Distributional optimization refers to a class of mathematical problems where the optimizing variable in the objective function is a probability measure over some space. Because of its highly technical nature, distributional optimization has remained largely unexplored with advances made only on specific problem instances. This project proposes a unified framework to explore challenging distributional optimization problems in a wide range of important application domains. The main objective is to develop a comprehensive theory supporting the principled design of novel and efficient optimization algorithms. To do so, establishing connections between several mathematical disciplines will be required, including optimization theory, optimal transport, functional inequalities, and statistics. This will promote the cross-fertilization of ideas and lead to the creation of training material from an interdisciplinary perspective. The resulting open-source packages will be made available to support research efforts in related fields that our daily lives depend on.
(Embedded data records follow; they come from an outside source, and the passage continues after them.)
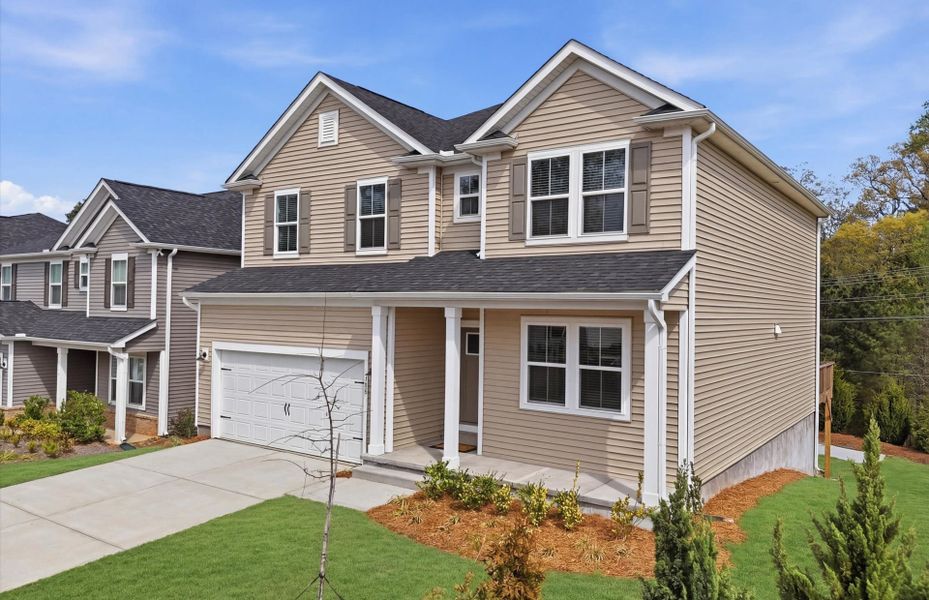 Front exterior of a new home in Indigo Park, Easley, SC, highlighting curb appeal (Image 27).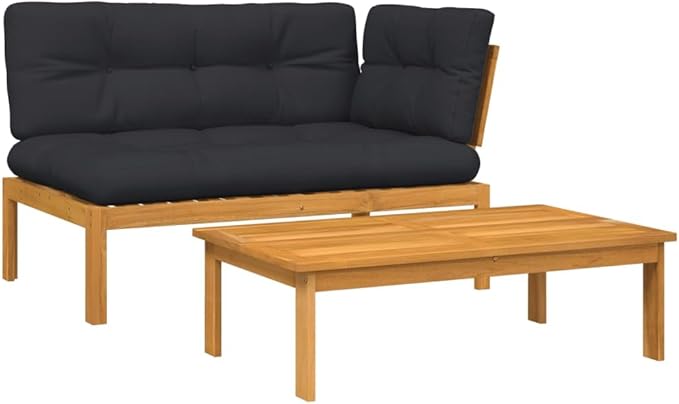 Patio Sofa Set Black Solid Acacia Wood Medium Modular Couch Outdoor Patio Furniture Set for Courtyard Garden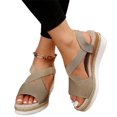 thumbnail image 1 of Sandalias Plataforma Elegantes Gruesas Informales Cómodas Tacón Cuña Antideslizantes Transpirables para Fiestas Y, 1 of 8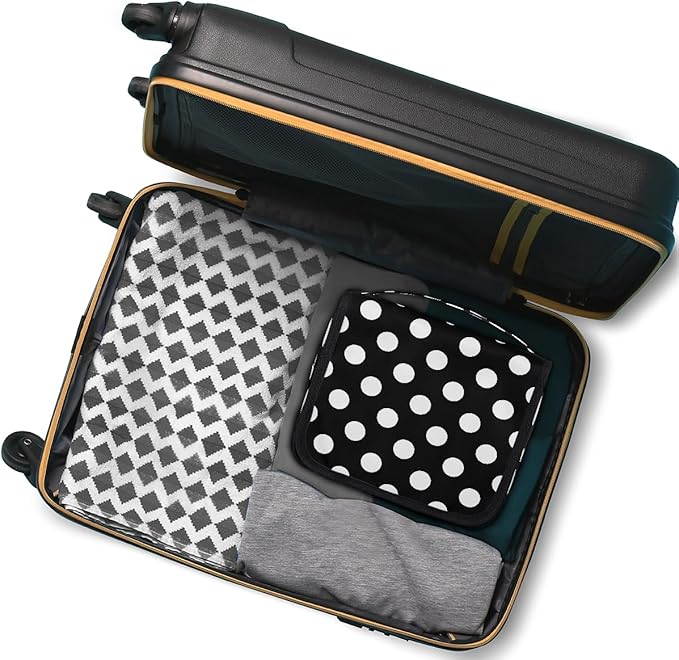 Travel Toiletry Bag for Women & Men White Black Polka Dot Hanging Cosmetic Organizer Portable Waterproof Makeup Case Make Up Bag with Compartments Travel Essentials for Bathroom Shower
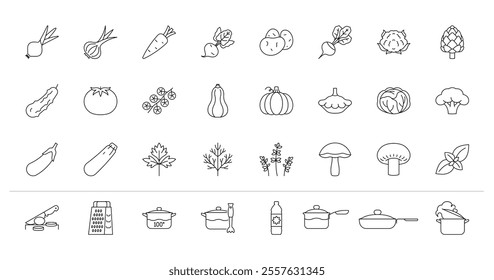 Vegetable set and kitchenware - different roots, vegetables and herbs and kitchenware for preparing food - saucepan, grater, pan, frying pan, knife. Linear illustrations, editable strokes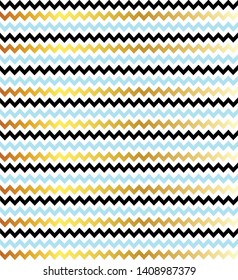 zig zag pattern pastel blue black gold and white background vector design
Problems in distributional optimization are infinite-dimensional optimization problems where the optimization variable is a probability measure. Many research problems fall into this class of problems; in particular, any non-convex optimization problem over Euclidean space can be cast as a convex distributional optimization problem. Traditionally, specific instances of these problems have been studied independently of each other. Formulating these seemingly different optimization problems into a single unified framework will allow more powerful mathematical techniques and tools to be used. This will lead to deeper insights into the structure of solutions, and to efficient algorithms tailored to large-scale applications in artificial intelligence and data science. The proposed framework is based on optimal transport theory that endows the space of distributions with a natural geometry. The proposed algorithm utilizes the gradient flow of the objective with respect to this geometry. To achieve scalability, the optimization variable is approximated by a collection of particles, with the algorithm now describing the collective dynamics of the particles. A novel variational approach will be used to approximate the gradient descent direction. The theoretical properties of this algorithm will be investigated thoroughly, including provable performance guarantees, convergence rates, and statistical properties. Case studies will be carried out by specializing this unified framework to applications such as Bayesian inference and distributionally robust learning. The acceleration of this algorithm will also be investigated by incorporating existing optimization techniques, such as momentum and variance reduction, as a way to improve convergence rates. Finally, the project will explore how to adapt this algorithm from minimization problems to min-max problems in order to deal with game-theoretic applications.
This award reflects NSF's statutory mission and has been deemed worthy of support through evaluation using the Foundation's intellectual merit and broader impacts review criteria.